"Clojure for Data Science in the Real World" by Kira McLean

Discover how Clojure can revolutionize data science in the real world with its natural language processing, interoperability with other tools, and reproducible results, making it an attractive option for data scientists.

Key takeaways
  • Clojure can be used for data science in the real world, and its natural language for processing data makes it suitable for this field.
  • The ecosystem for Clojure data science is still in its early days and needs more development, but it has potential.
  • Interoperability with other data science tools and languages is critical, and Clojure’s interop story is already good.
  • One of the main problems with the data science world is the issue of reproducibility, and Clojure can help with this.
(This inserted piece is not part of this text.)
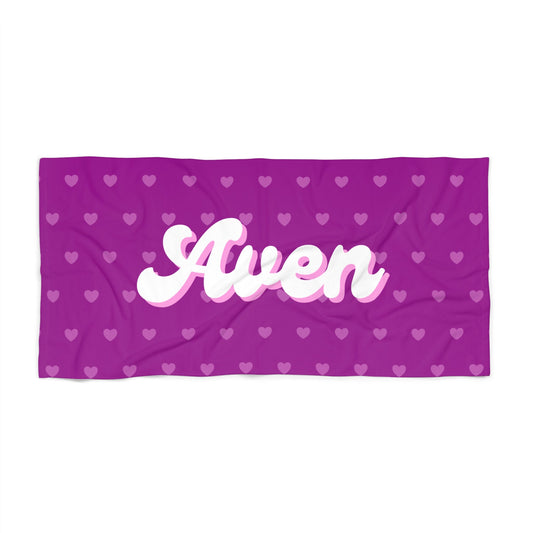 Personalized Purple and Pink Hearts Beach Towel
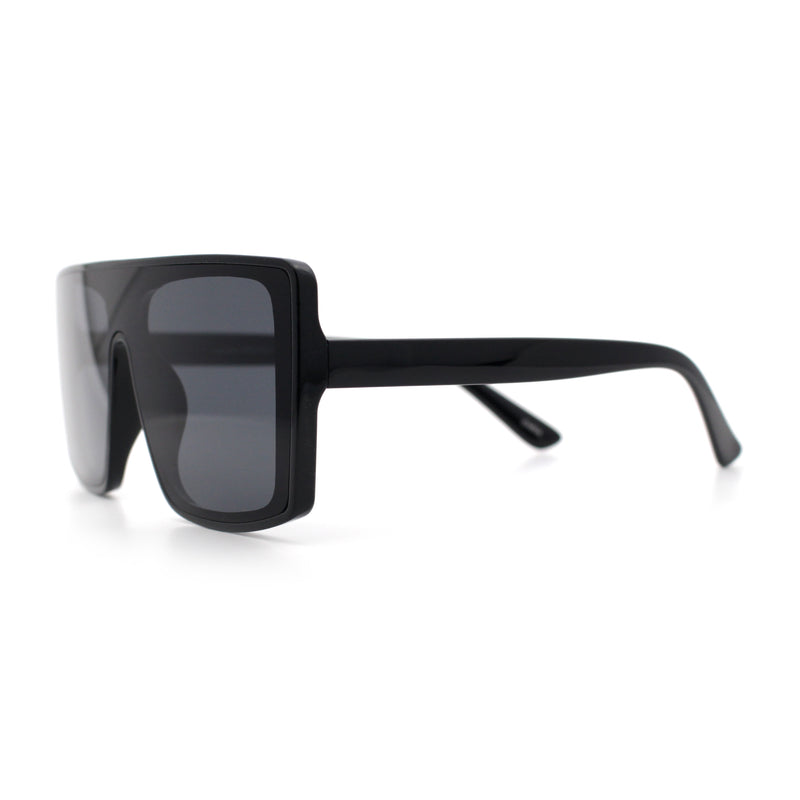 Womens Mobster Shield Oversized Plastic Rectangular Sunglasses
  • The language is designed to eliminate external state, making it easier to reproduce results.
  • Clojure’s speed and accessibility make it an attractive option for data scientists.
  • The community is working on courses, books, and content to support data science use cases.
  • The language is well-suited for piecing together different tools and libraries, making it a “glue language” for data science.
  • The tidy data paper 10 years ago is an example of how Clojure’s design can solve real-world problems.
  • The community needs to work on smoothing out the rough edges of existing libraries and making them more practical for users.
  • The language’s foundation is DtypeNext, which provides a foundation for fast and efficient column-wise operations.
  • Data science involves a lot of moving parts, and Clojure can help simplify this by providing a reproducible and stable environment.
  • Reproducibility is achieved by eliminating state and using explicit declarative configurations.
  • The community is working on bridging the gap between software development and data science, and Clojure’s design can facilitate this.
  • The problem of state and parallelization is a significant issue in data science, and Clojure’s design can help solve this.
  • The language’s ease of use makes it an attractive option for data scientists with a software development background.
  • The community is working on providing resources and tools to support data science use cases, including courses, books, and content.
  • Clojure’s design is based on the idea that the code is data, and this makes it easier to work with.
  • The language is being used in industry and academia, and its potential is huge.
  • The community is working on making the language more accessible and user-friendly, and its design is inherently simple.